Too much weight must not, however, be given to such stories, many of which, undoubtedly, obtained circulation in America during the war. “It is astonishing,” writes Ewald, many years afterwards, “what stuff deserters often tell in order to please their new friends and obtain a good reception. After I had been taken prisoner at Yorktown, and had made the acquaintance of several French officers, a French general, then chief of the Deux Ponts Regiment,[2] asked me quite in confidence whether the Hessians were not very discontented with the English service, as it was very hard that these troops should always be employed in the most doubtful battles; that they should often be wantonly sacrificed; that they should always have the worst quarters assigned to them; that they should receive the worst provisions; that they should be improperly paid and allowed to suffer want of all sorts.

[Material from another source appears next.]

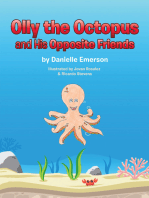Olly the Octopus and His Opposite Friends
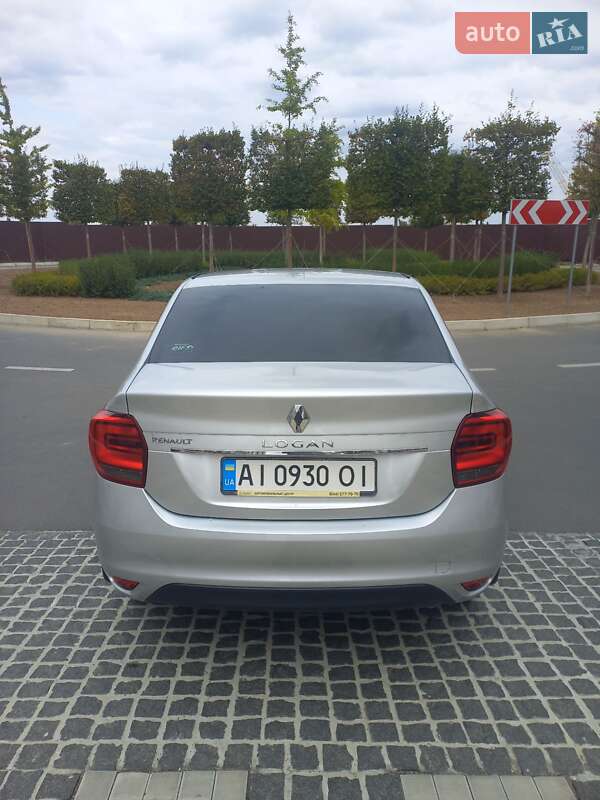 Седан Renault Logan 2018 в Умани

I could not help laughing at his story, and assured him that not a single word of all this was true, but quite the contrary; whereupon the general was very much astonished, for every deserter had assured him that it was so.”

It has sometimes been said that the German soldiers deserted in great numbers in America. This assertion is only partially borne out by facts. At the time

  1. Schlözer's “Briefwechsel,” vol. vii. p. 362.
  2. The colonel of the Deux Ponts Regiment was the Count de Deux Ponts. I suspect that he was the “general” alluded to.—Ewald's “Belehrungen,” vol. ii. p. 424.